Sítio Igreja Açores- Do ponto de vista prático o que é que estas jornadas acrescentam à Pastoral Social no arquipélago?
Pe. Cipriano Pacheco- Durante as jornadas apareceram muitos testemunhos e muitas experiências que mostram como somos capazes de por em prática esta atenção aos mais pobres, aos mais vulneráveis.
A partir da Exortação do Papa Francisco, somos relembrados que esta prática tem de fazer parte da formação contínua dos padres , dos leigos e dos cristãos em geral. Tem que ser uma prioridade.

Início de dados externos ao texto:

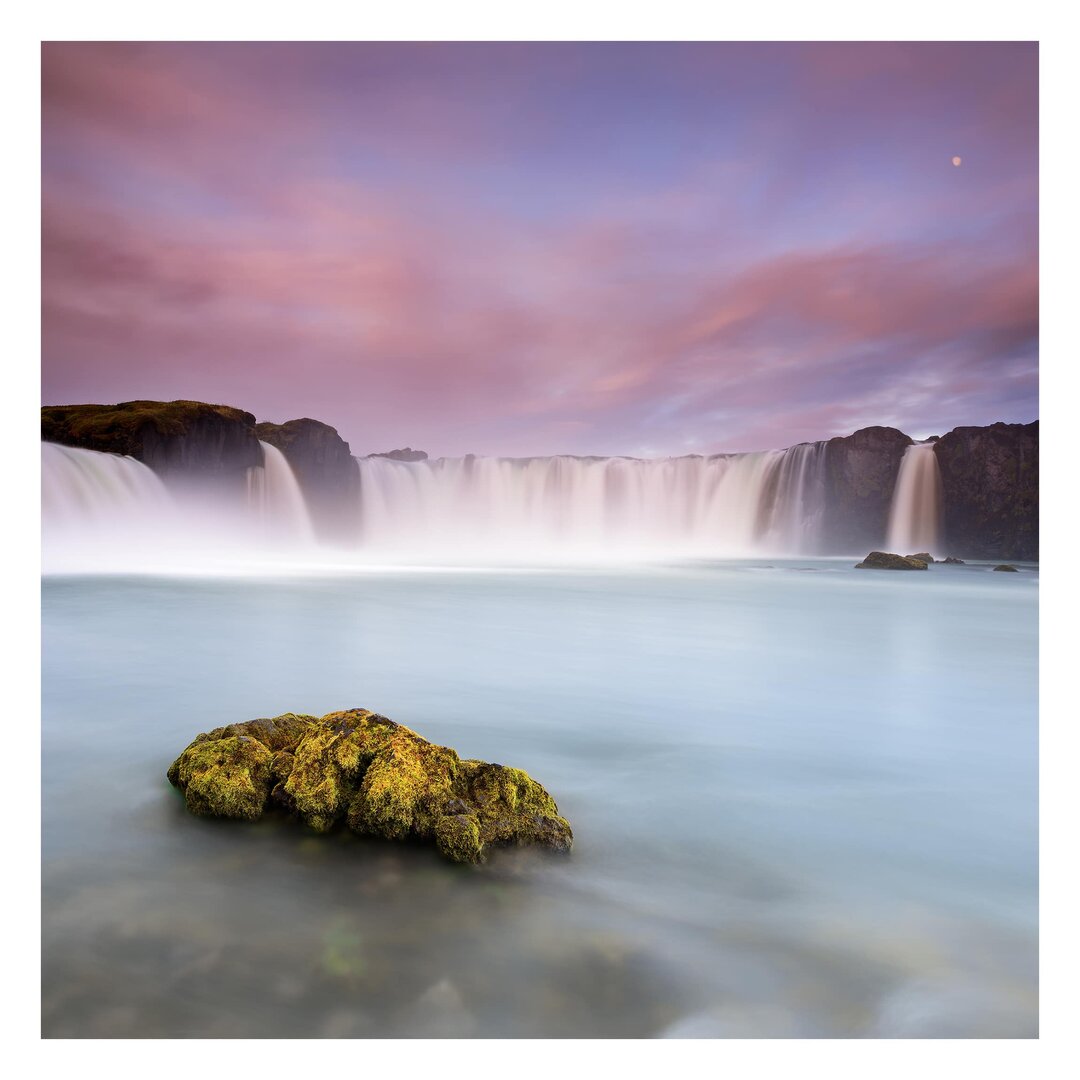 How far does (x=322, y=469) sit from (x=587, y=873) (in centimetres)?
2942

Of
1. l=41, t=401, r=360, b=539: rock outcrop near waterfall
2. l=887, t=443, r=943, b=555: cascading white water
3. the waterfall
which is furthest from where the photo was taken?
l=887, t=443, r=943, b=555: cascading white water

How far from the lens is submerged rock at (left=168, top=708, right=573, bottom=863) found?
6.40 feet

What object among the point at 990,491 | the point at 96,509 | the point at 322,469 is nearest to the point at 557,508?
the point at 322,469

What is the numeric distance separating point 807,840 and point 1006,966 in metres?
0.67

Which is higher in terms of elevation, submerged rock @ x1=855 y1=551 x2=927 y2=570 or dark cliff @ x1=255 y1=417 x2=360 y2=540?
dark cliff @ x1=255 y1=417 x2=360 y2=540

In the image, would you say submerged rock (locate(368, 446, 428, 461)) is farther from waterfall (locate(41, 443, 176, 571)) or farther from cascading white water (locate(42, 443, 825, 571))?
waterfall (locate(41, 443, 176, 571))

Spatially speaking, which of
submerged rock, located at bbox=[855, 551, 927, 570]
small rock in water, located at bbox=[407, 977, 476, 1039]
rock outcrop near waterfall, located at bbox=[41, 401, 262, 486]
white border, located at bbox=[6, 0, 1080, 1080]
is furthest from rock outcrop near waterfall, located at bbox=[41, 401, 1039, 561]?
small rock in water, located at bbox=[407, 977, 476, 1039]

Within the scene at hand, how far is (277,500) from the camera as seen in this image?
83.7ft

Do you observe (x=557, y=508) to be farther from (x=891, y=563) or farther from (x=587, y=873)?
(x=587, y=873)

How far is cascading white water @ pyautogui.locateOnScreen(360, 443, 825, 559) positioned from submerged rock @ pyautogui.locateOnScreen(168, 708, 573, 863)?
29698mm

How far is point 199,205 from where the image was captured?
570 cm

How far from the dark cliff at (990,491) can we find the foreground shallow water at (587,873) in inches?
934

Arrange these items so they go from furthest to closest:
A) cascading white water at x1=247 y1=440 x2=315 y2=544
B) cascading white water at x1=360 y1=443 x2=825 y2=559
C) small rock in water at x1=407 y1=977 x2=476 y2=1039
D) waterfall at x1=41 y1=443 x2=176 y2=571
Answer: cascading white water at x1=360 y1=443 x2=825 y2=559, cascading white water at x1=247 y1=440 x2=315 y2=544, waterfall at x1=41 y1=443 x2=176 y2=571, small rock in water at x1=407 y1=977 x2=476 y2=1039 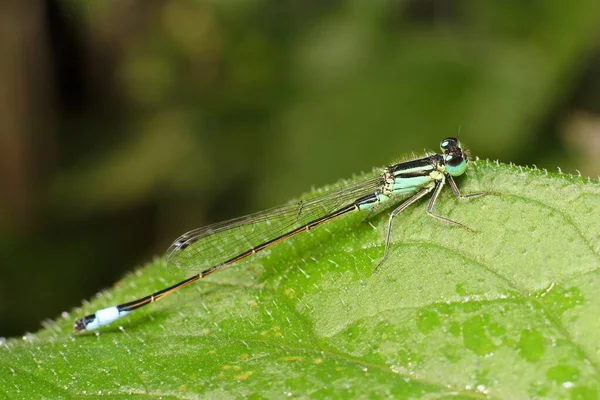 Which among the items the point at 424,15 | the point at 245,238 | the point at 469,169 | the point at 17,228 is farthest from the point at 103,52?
the point at 469,169

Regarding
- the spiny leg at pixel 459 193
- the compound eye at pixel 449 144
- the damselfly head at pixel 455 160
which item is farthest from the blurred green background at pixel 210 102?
the spiny leg at pixel 459 193

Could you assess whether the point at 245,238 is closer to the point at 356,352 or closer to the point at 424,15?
the point at 356,352

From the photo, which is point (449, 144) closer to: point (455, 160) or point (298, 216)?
point (455, 160)

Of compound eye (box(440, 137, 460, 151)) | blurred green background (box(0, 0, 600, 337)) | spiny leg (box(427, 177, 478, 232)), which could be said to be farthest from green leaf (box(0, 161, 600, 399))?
blurred green background (box(0, 0, 600, 337))

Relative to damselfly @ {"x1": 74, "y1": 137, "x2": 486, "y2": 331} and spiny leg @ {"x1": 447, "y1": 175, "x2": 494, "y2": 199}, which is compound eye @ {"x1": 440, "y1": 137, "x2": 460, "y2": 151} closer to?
damselfly @ {"x1": 74, "y1": 137, "x2": 486, "y2": 331}

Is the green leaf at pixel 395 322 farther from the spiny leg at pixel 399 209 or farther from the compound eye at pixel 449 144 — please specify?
the compound eye at pixel 449 144

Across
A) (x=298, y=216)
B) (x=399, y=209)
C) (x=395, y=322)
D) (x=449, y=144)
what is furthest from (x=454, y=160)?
(x=395, y=322) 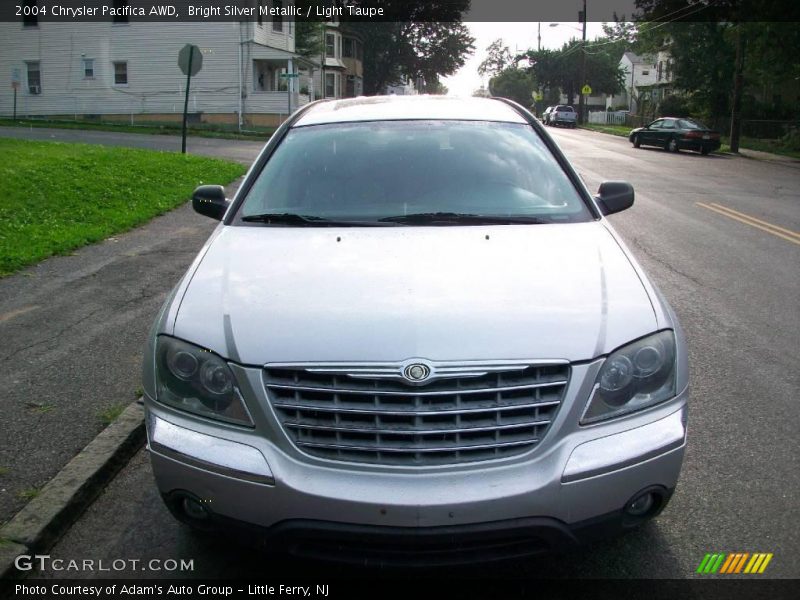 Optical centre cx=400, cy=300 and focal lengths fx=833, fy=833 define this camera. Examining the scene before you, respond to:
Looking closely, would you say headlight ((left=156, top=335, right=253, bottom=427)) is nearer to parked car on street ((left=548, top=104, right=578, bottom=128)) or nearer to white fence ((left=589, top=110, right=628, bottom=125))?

O Primado da Palavra, da Graça e da Misericórdia são essenciais na vida de um cristão. E todos, sem exceção, podem dar um contributo, não só integrados nos movimentos da Igreja mas também na sua vida quotidiana. Os que têm esta referência cristã têm de lutar pela afirmação dos valores que defendem e não podem temer aplica-los na sua vida quotidiana, seja no trabalho, seja na escola seja nas relações sociais…
Sítio Igreja Açores- Isso é exequível nos Açores?
Pe Cipriano Pacheco- Tem de ser… porque aqui os problemas são idênticos aos que se passam lá fora. Há muitas pessoas a precisarem da satisfação de necessidades básicas, elementares mesmo… A igreja não pode ficar indiferente, tem de agir, desde logo através dos cristãos.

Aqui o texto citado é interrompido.